● TASK DESCRIPTION: When you reach the line with "P51D Mustang - Tim Wallace - Photograph" in the listing below, transcribe it and each line after it up to and including the line with "専用　シャオシャオ レイレイ　シャンシャン", exactly and with nothing else.

===== EXERCISE INPUT

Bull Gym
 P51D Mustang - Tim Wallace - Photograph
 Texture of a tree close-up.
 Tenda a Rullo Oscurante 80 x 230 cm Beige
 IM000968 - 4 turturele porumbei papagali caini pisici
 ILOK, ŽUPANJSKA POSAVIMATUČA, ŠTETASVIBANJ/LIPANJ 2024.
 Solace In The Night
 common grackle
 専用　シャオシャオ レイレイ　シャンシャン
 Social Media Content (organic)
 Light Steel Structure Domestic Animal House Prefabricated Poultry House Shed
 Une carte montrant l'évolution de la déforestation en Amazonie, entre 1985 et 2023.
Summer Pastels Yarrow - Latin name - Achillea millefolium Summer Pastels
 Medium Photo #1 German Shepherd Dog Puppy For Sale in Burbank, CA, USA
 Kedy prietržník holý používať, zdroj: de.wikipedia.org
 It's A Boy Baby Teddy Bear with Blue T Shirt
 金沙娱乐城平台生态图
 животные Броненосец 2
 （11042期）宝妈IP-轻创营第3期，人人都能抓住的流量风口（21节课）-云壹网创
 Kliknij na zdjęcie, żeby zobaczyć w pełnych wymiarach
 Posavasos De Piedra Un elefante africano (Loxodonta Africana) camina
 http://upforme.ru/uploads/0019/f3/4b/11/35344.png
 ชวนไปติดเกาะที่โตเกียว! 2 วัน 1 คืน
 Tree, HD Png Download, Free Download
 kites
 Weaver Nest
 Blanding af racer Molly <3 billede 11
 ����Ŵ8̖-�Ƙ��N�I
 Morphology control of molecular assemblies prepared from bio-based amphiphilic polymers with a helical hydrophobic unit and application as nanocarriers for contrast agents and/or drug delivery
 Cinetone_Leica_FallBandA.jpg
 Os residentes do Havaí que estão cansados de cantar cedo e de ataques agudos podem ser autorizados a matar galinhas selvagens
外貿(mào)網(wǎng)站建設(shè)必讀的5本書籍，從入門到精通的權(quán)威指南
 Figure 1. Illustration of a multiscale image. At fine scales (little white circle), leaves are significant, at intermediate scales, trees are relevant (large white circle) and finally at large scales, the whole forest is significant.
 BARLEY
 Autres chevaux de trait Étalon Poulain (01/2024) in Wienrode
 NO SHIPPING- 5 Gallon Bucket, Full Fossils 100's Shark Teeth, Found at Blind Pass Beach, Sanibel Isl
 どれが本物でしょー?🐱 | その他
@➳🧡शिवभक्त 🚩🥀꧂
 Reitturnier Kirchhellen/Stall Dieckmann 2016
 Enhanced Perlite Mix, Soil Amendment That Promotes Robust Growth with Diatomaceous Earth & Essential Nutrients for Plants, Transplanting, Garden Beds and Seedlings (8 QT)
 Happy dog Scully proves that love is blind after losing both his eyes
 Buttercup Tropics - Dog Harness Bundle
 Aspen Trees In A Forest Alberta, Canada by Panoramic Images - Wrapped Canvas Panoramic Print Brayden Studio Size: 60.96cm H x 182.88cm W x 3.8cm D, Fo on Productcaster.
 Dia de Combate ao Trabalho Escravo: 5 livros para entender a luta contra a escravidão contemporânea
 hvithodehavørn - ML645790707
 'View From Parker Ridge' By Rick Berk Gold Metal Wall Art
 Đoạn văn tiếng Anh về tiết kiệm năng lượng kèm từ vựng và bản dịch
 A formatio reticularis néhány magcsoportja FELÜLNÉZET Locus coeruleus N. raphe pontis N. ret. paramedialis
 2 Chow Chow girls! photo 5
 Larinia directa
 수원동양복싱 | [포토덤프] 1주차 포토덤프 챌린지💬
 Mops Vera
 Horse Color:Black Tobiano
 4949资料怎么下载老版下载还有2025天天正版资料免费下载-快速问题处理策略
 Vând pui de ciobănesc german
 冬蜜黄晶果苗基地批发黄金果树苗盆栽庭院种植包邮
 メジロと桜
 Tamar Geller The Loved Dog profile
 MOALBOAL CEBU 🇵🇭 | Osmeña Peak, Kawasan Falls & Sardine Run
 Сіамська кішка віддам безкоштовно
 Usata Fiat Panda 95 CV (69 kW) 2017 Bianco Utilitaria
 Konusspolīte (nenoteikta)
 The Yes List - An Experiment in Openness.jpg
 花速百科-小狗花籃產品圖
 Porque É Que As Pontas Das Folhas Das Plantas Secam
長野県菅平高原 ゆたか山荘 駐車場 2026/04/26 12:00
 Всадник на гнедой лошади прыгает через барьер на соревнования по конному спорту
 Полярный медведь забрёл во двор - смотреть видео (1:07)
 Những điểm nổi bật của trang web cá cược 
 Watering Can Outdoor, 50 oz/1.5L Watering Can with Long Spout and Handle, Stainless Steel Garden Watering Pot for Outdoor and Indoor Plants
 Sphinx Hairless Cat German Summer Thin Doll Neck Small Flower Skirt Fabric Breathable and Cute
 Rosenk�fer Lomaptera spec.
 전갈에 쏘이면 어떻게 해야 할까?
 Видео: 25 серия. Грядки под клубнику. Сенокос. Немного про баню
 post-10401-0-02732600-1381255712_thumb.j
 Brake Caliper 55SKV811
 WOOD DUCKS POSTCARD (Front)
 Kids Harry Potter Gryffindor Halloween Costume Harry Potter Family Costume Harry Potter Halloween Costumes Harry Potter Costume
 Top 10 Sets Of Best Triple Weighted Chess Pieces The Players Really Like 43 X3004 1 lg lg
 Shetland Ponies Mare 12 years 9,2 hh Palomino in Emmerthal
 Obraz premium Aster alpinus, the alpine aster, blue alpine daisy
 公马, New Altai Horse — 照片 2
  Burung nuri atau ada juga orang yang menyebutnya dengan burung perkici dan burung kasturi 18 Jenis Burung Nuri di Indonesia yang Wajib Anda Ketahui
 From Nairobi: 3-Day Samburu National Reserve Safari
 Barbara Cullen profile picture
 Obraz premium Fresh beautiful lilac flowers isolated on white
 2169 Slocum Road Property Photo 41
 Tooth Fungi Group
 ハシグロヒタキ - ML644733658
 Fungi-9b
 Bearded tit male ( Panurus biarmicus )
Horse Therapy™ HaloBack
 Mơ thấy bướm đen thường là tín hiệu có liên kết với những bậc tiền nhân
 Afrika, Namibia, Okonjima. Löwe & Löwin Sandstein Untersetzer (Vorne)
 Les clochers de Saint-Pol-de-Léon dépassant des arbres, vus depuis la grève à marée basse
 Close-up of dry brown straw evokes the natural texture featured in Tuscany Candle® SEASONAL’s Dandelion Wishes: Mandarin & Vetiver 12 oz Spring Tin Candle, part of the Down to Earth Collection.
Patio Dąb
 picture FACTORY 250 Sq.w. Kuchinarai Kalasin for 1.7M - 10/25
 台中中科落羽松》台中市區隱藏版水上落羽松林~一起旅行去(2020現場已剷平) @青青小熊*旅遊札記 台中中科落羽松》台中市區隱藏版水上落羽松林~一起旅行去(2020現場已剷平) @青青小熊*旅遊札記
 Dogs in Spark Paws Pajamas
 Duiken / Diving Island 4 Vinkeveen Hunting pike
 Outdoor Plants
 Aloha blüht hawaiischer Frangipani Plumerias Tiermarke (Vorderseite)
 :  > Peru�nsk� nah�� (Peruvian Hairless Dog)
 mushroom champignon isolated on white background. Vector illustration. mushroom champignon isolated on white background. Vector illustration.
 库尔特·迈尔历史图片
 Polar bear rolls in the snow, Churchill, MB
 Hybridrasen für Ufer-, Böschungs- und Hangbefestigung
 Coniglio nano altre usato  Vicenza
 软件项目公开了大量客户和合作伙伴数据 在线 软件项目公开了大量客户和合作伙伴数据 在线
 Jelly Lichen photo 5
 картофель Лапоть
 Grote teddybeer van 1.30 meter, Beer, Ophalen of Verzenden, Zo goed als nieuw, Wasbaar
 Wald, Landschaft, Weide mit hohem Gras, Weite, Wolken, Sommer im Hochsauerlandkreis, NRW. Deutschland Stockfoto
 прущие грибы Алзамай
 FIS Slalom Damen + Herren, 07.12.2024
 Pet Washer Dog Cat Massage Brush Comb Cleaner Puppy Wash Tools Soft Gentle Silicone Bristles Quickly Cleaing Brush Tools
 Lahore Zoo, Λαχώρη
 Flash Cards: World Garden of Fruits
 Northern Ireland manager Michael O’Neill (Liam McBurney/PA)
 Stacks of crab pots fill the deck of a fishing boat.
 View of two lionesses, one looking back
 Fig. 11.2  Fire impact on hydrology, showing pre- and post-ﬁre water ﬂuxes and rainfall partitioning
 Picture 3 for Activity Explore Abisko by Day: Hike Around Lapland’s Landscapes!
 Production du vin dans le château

==========

● ANSWER TO THE PROBLEM:
 P51D Mustang - Tim Wallace - Photograph
 Texture of a tree close-up.
 Tenda a Rullo Oscurante 80 x 230 cm Beige
 IM000968 - 4 turturele porumbei papagali caini pisici
 ILOK, ŽUPANJSKA POSAVIMATUČA, ŠTETASVIBANJ/LIPANJ 2024.
 Solace In The Night
 common grackle
 専用　シャオシャオ レイレイ　シャンシャン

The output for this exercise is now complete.